Como el caso todavía estaba pendiente de resolución judicial, es probable que el equipo dirigido por Josep Barnadas decidió que no era conveniente introducirlo en esa obra, cuyo propósito era metodizar el estudio del pasado de nuestro país.

Sin embargo, Amayapampa sí está en obras recientes, como la historia de Bolivia en seis tomos que publicó el diario La Razón entre 2014 y 2015. En la página 200 del último tomo se puede leer que “los organismos de Derechos Humanos –como la APDHB– tuvieron -que intervenir para velar por la correcta investigación…”.

¿Por qué fue necesario que una organización civil intervenga en una tarea que, en un país que se respeta a sí mismo, tendría que ser desarrollada por el Poder Judicial? Pues porque este caso, como muchos otros antes y después, se manejó al revés; es decir, con la justicia persiguiendo a las víctimas en lugar de a los victimarios.

Aunque todo comenzó el 14 de noviembre de 1996, cuando una columna de aproximadamente 130 efectivos policiales se movilizó hacia Capasirca y Chuquiuta, las fechas aciagas son las del 19, 20 y 21 de diciembre. En otras palabras, hoy recordamos 26 años del inicio de la masacre.

Recordemos cómo ocurrieron los hechos:

Todo comenzó cuando la empresa canadiense Da Capo Resources compró los yacimientos auríferos de Amayapampa, en una operación comercial que sigue siendo un misterio hasta la fecha, pues la propiedad de los yacimientos mineros estaba, como hoy, en poder del Estado boliviano. Ahí apareció una figura clave en la política de ese tiempo: Raúl Garafulic Gutiérrez, a quien posteriormente se acusó de haberse adueñado de la minera de manera supuestamente ilegal.

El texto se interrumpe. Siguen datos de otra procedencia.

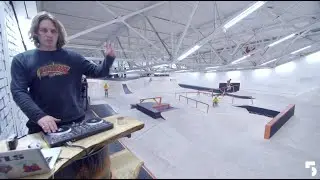 5 букв радио @ Boroda skatepark 28dec2023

La compra fue rechazada por los comunarios y mineros que ocuparon las instalaciones de la empresa el 17 de diciembre. En una reacción desproporcionada, el gobierno de Gonzalo Sánchez de Lozada envió tropas de inmediato para desocupar la mina por la fuerza. Eso fue al día siguiente, 18 de diciembre.

El 19 de diciembre, como hoy, comenzaron los primeros enfrentamientos en las inmediaciones del cerro K’ellu K’asa. En tres días de combate murieron nueve civiles, incluida una enfermera. Al tercer día se reportó la muerte del coronel de policía Eduardo Rivas, por un balazo entre ceja y ceja.

La muerte de Rivas fue la gran excusa del gobierno de Sánchez de Lozada para iniciar procesos contra dirigentes mineros por asesinato, terrorismo y otros delitos. Los acusados fueron, entre otros, Walter Romero Martínez y Mario Mancilla. Entre los acusadores se encontraban la viuda de Rivas y el entonces comandante de la Policía, Willy Arriaza. Era el mundo al revés: la Policía y el Ejército arremetieron contra los mineros, pero estos eran los procesados. Durante años, solo ellos fueron sometidos a la justicia y solo la presión social logró invertir las cosas.

De todas maneras, ni Sánchez de Lozada ni su entonces ministro del interior, Franklin Anaya, o el prefecto de Potosí, Yerko Kukoc, fueron acusados y mucho menos sancionados. Por el contrario, se los premió después, con cargos en el segundo gobierno de Goni.

¿Por qué tanta injusticia? El tomo VI antes mencionado dice que Sánchez de Lozada era copropietario del consorcio que compró Amayapampa. Ahora está en EE.UU., a salvo de la acción de la justicia boliviana y ningún gobierno se ha esforzado en extraditarlo.

El caso Amayapampa, según ratifica el tomo VI, “sigue siendo un caso que no tiene responsables”.